📜 ⬆️ ⬇️

Competition for the classification of words from Hola or "where to get another percent?"

I saw a post about the competition when it was already two weeks after the start. But the task seemed extremely exciting, and I was not mistaken in this, diving into the solution with my head. I want to share the solution by 80 +% and my impressions in this post.

All my participation was questioned "where to get another percent?", But in response I often received hundredths of a percent or nothing. So, first things first.
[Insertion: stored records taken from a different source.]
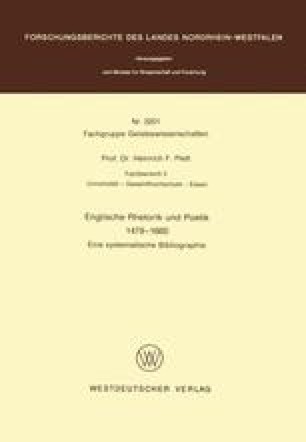 Sekundarliteratur Zur Geschichte Der Rhetorik Und Poetik Springerlink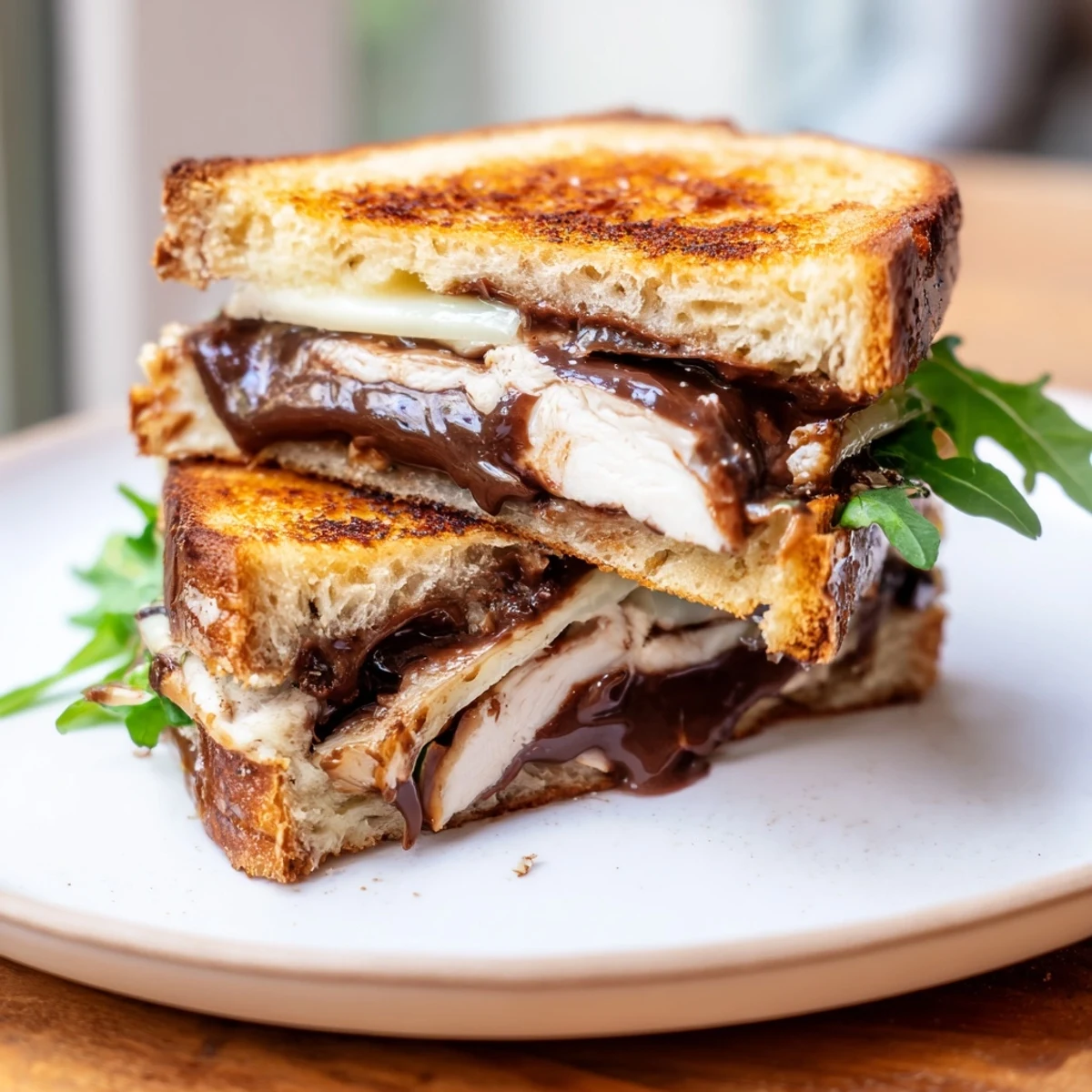 Warm, melty Nutella grilled cheese with chicken: golden, crispy bread surrounds savory chicken and melted brie.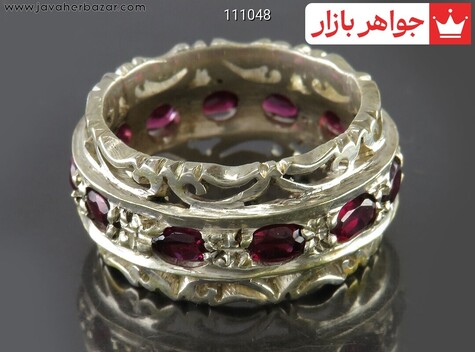 انگشتر نقره گارنت شیک سایز 63 مردانه دست ساز - 111048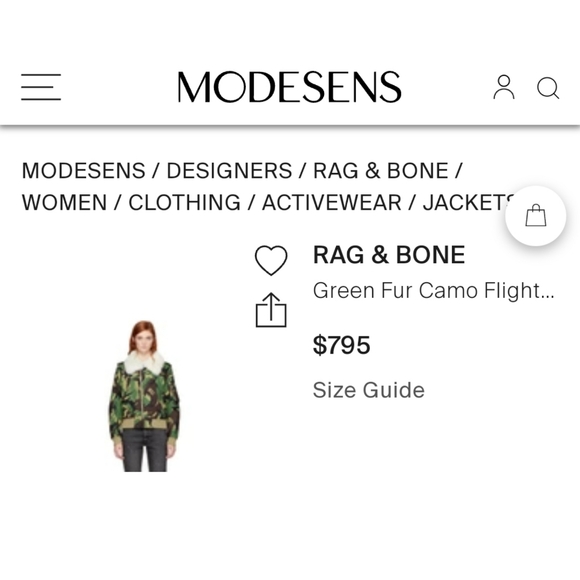 Rag & Bone camouflage shearling trim jacket - Picture 8 of 9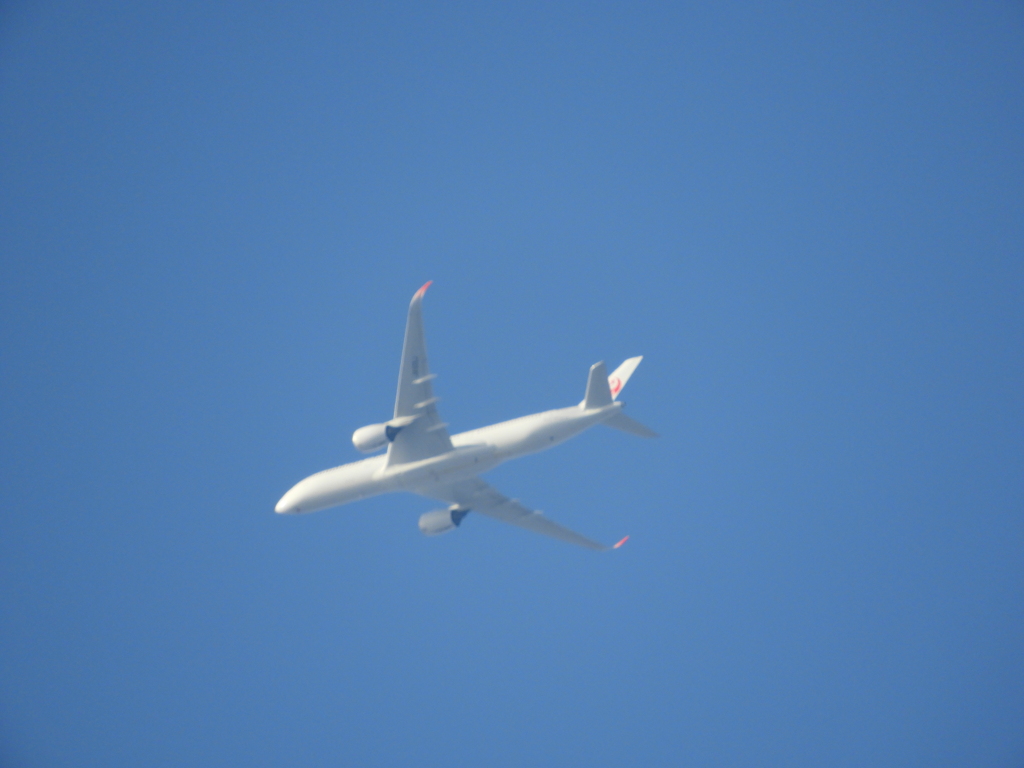 三河島の高架上のJAL機と青空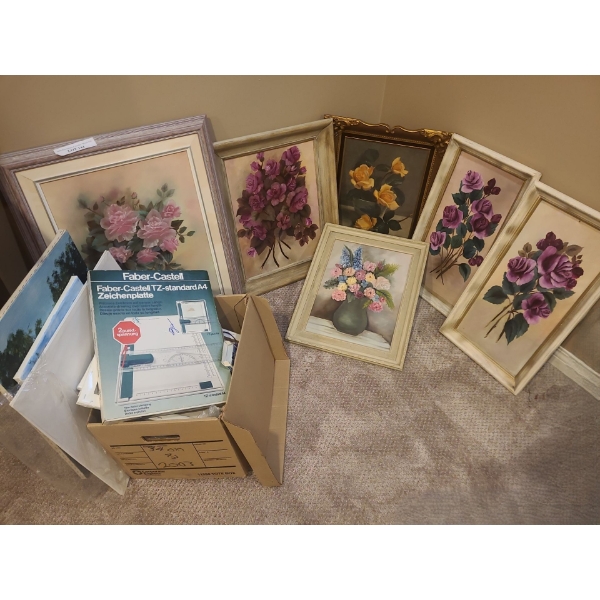 Assorted Framed Paintings, Pink Roses 22 w 26 1/2 h, Blank Canvases, Paint & more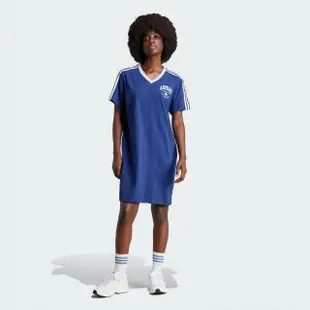 【adidas 愛迪達】洋裝 女款 運動洋裝 長版上衣 三葉草 VRCT DRESS 藍 IT9853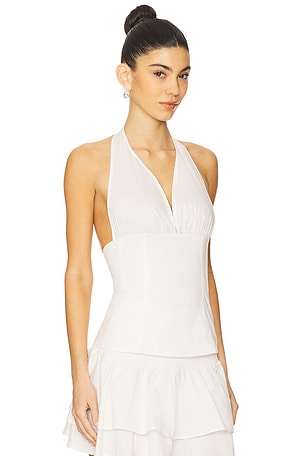WeWoreWhat Halter Neck Corset Top in Ivory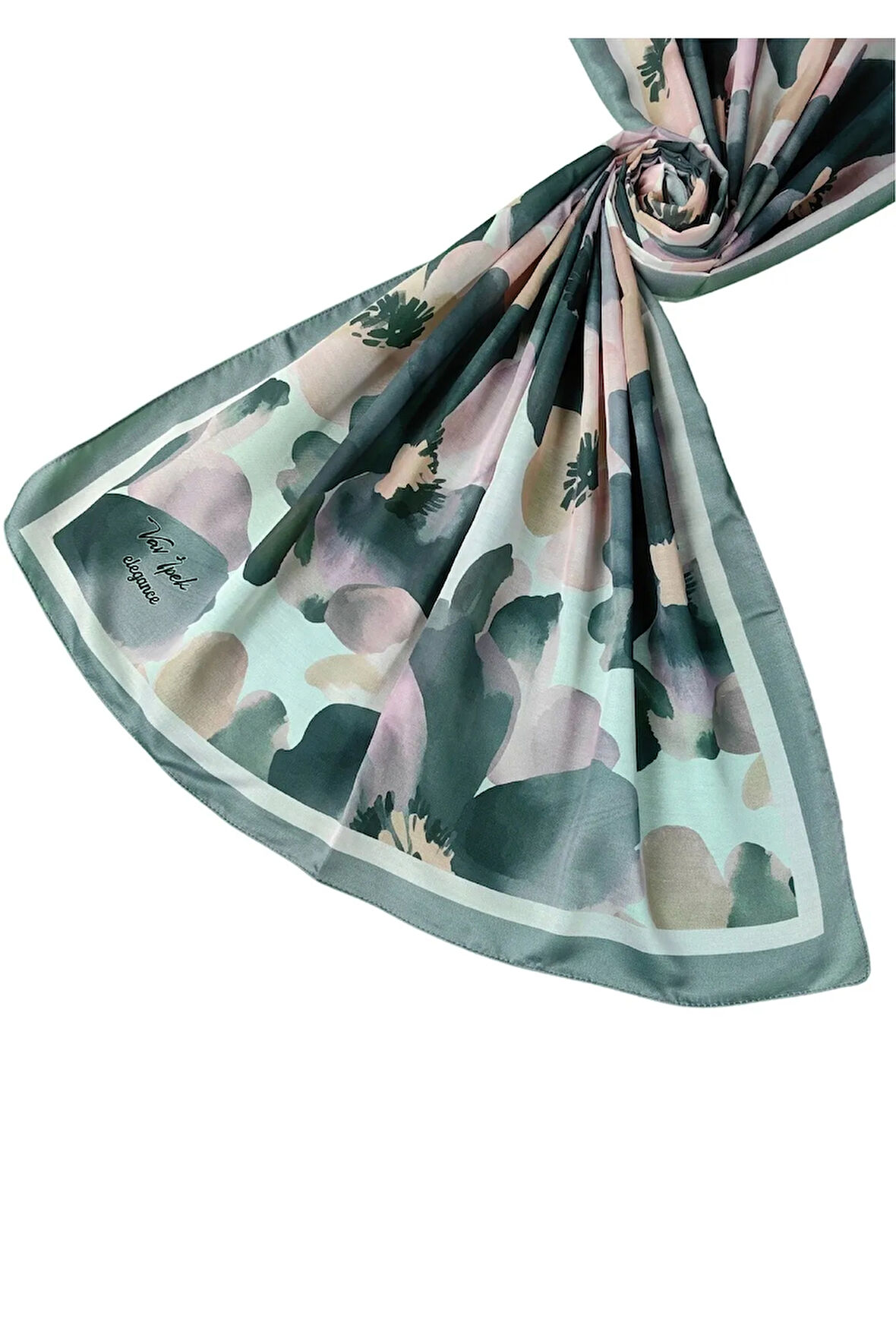 Vav İpek Soft Pamuk Şal 75x190 cm - Çiçek Desenli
I wrote in C ++, because I don’t know JS at all, but I translated the ready-made solution to JS with the help of a colleague.

The first thing I tried was a bloom filter. I shortened the dictionary: I reduced all the words to the lower case, replaced all the words in the dictionary ending in 's with the prefix, and removed the 60 kb filter for the bloom. As a hash function, I chose the linear generator h [i] = 115249 * (h [i-1] + w [i]) + 33391. As a result, the accuracy was not very high, of the order of 60%, but with something to start .
')
The second. Added filtering by rare combinations of characters: does not contain 6 vowels in a row, does not contain 6 consonants in a row. If the word length is more than three, then three identical letters should not go in a row.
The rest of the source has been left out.